One week later we’re having breakfast in Arraial de Cabo, where it’s quiet, where the sun is supposed to make the water clear and “impossibly” blue. But the sun is in hiding, and everything is grey.
What happened in 30 seconds has a way of replaying 30 times in our heads. Has a way of following us and coloring everything, making it all ugly. Has a way of turning on the pleasant quietness of other streets, throwing dark shadows onto innocent faces, making footsteps behind us louder and closer, turning our every move into something that makes us a target.
Vanessa panicked yesterday, just walking to the supermarket. She almost started crying there in the middle of the street. People were going about their business in the broad daylight and she was weaving strategic paths through them, changing her footsteps with every glance.
Now she drinks tea and bites away on a slice of melon and tells me that she wonders what, exactly, it is we must be missing. What do we want out of this trip anyway? What is it we’re looking so hard for that we bring ourselves to these places? How can we know it won’t happen again? She’s feeling ill and needs more rest and sets the melon down. She’s going back to bed. I watch her discard the melon, and wonder what else she’s ready to throw away at this table.

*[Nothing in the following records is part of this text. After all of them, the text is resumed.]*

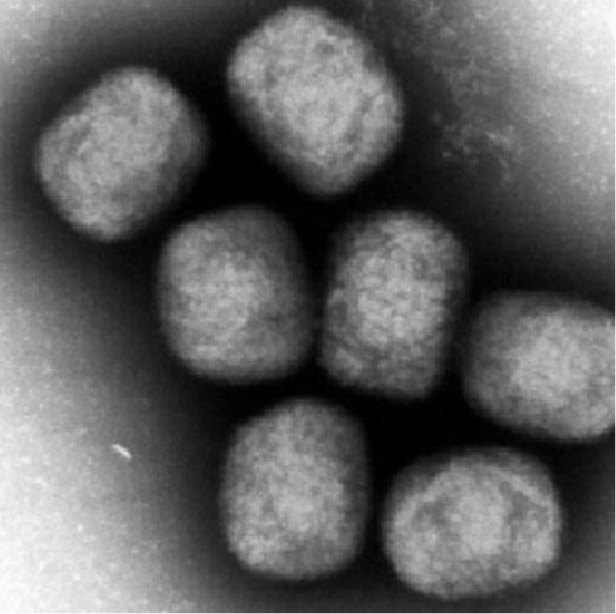 サル痘ウイルスの電子顕微鏡写真（国立感染症研究所提供）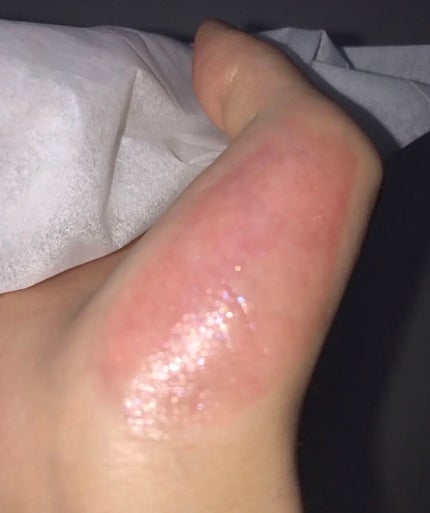 ディオール アディクト リップ マキシマイザー/Dior/リップグロスを使ったクチコミ(2枚目)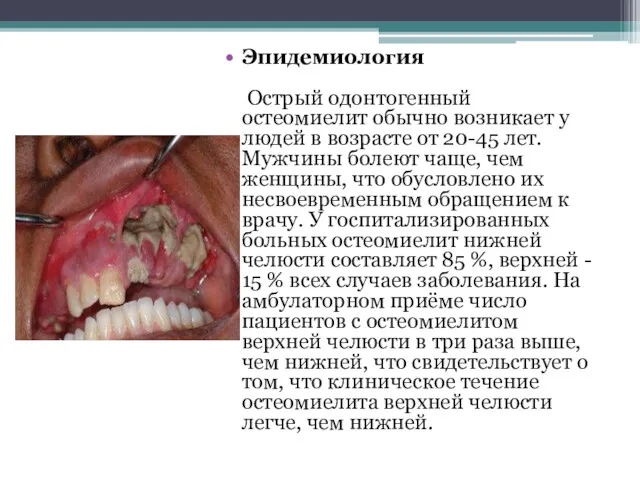 Эпидемиология Острый одонтогенный остеомиелит обычно возникает у людей в возрасте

“It’s not a good day anyway,” I say, looking at the sky. I’m not going to lie. Just chewing the cereal hurts my jaw. Brazil was my idea. Back in Chile, before we arrived here, she was smiling in all the photos. I feel selfish for holding out for all this grey to pass.
I exhale and add more sugar to my coffee. We’re only a month in on our year-long trip. I’m thinking about how we spent three weeks in this country once and loved it. I’m thinking about things that didn’t get written on the police report, our enthusiasm for this place, these people, this journey. I’m questioning what was really stolen in those 30 seconds, and whether it has to be.
I sit by myself with my mug half-empty, just staring at her dishes. I notice the leftover milk in her cereal bowl. A fly has gone belly up and it’s kicking for its life. Its thread-thin black legs are flailing everywhere, but its wings are already submerged. It doesn’t have a prayer in hell, I think, watching it struggle.
I take a spoon and go gently. I scoop just under the wings and edge the fly to the side. I lift it out of the bowl. It’s limp and folded in on itself, just one side of those legs still kicking. I pour the little wet pile onto the back of my hand and watch it.
First, all its legs start kicking again, and then somehow it’s standing and its wings are dripping. I watch as its middle limbs (that aren’t like arms and aren’t like legs) go back and forth. It spits on these middle limbs and rubs them together in front, and then it swings them behind and runs them down the wings, pushing them back.
It licks its middle limbs and slicks down its wings again and again, rubbing away the milk and drying them, without hurry or hesitation. It does it until it’s not needed anymore. Then the fly lifts from my hand, straight up like a helicopter, like it weighs less than air.
I look up, but it’s gone. I wonder if it’ll live another day or another five, if it’ll be some spider’s food by lunchtime, if it’s learned a thing or two about the dangers of buzzing around the cereal bowl. If it blames itself, if it forgives itself. If it’s smart enough — or stupid enough — to fear.
A few seconds later the fly returns to the table, but this time it lands right on the flesh of that honeydew melon Vanessa’s tossed away, right where she’s left off.